The proof that S refines R is by looking at cases. Let x,y be in A with xRy. Suppose x,y are both in A'. Then xR'y so xS'y so xSy. If x=a and y is in A' then aRy so y is in L so x0S'y by the fact so aSy by the definition. If y=a and x is in A' then xRa so x is in U so xS'x0 by the definition of x0, so xSa by the definition of S. Finally aSa by definition of S, covering the case when x=y=a.
The proof that S is a linear order is similar. It is reflexive since aSa by definition, and xSx for all x in A' since S' is reflexive.
It is transitive since if xSy and ySz we can show xSz by looking at all the cases (whether or not x,y, or z is equal to a). We may suppose that x,y,z are all different (for otherwise transitivity is easy). If none of x,y,z equals a then xS'y and yS'z so xS'z so xSz by transitivity of S' and the definition of S. If x=a and aSy and ySz then x0S'y and yS'z and y is not equal to x0, hence x0S'z by transitivity and z is not equal to x0 by antisymmetry, so aSz. If y=a and xSa and aSz then xS'x0 and x0S'z and z is not equal to x0, hence xS'z so xSz. If z=a and xSy and ySa then xS'y and yS'x0, hence xS'x0 so xSa.
It is antisymmetric since S' is antisymmetric (this covers the cases when xSy and ySx with neither x,y equal to a) and if x=a, y not equal to a, aSy and ySa then x0S'y , y not equal to x0, and yS'x0 contradicting the antisymmetry of S'.
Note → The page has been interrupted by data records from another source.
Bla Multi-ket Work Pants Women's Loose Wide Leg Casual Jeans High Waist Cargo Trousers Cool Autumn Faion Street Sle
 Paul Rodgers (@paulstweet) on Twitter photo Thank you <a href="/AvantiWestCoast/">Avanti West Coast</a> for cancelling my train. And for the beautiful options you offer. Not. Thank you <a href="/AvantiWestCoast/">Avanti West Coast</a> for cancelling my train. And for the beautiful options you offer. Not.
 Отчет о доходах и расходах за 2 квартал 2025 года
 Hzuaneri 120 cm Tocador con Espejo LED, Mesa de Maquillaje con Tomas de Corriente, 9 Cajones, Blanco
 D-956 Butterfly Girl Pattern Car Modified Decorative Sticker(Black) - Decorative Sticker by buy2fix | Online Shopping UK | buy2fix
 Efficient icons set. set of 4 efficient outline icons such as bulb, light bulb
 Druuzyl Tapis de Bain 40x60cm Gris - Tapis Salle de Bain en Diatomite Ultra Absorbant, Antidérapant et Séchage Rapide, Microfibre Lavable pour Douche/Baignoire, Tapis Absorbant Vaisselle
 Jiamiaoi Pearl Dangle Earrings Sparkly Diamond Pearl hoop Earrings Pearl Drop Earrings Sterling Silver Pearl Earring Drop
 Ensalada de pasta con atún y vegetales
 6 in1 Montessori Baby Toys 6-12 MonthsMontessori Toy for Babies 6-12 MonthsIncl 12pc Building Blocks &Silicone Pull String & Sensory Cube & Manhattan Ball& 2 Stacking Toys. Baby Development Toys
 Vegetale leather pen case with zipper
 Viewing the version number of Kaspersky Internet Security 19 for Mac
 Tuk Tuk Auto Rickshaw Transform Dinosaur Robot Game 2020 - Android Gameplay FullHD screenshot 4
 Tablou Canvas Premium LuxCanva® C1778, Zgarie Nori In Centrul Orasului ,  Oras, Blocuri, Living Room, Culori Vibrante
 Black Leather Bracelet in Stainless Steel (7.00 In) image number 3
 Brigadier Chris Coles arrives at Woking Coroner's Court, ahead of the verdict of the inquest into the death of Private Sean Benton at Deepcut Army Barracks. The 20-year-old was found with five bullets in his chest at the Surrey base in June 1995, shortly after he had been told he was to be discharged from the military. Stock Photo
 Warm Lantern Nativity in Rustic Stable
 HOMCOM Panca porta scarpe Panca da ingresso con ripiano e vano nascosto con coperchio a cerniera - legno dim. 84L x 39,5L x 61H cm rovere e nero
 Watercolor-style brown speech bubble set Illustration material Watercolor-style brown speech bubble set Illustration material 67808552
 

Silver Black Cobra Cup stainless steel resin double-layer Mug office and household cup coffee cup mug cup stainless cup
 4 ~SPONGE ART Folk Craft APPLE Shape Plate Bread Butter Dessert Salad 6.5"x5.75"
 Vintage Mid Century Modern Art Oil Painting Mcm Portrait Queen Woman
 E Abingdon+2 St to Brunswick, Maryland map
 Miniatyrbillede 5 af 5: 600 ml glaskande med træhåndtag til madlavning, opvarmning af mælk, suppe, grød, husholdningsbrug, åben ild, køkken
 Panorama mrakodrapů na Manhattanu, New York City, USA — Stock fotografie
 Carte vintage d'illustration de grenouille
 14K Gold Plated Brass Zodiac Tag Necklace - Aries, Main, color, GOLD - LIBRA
The proof in case 2 that S is a linear order that refines R is similar to the one for case 1, except it is easier since there are fewer cases to consider. This is left as a (moderately awkward) exercise for energetic students!
The two pictures in the last slide show what the effects of the definitions in cases 1 and 2 are to the order. In both cases we are putting a as "high as possible".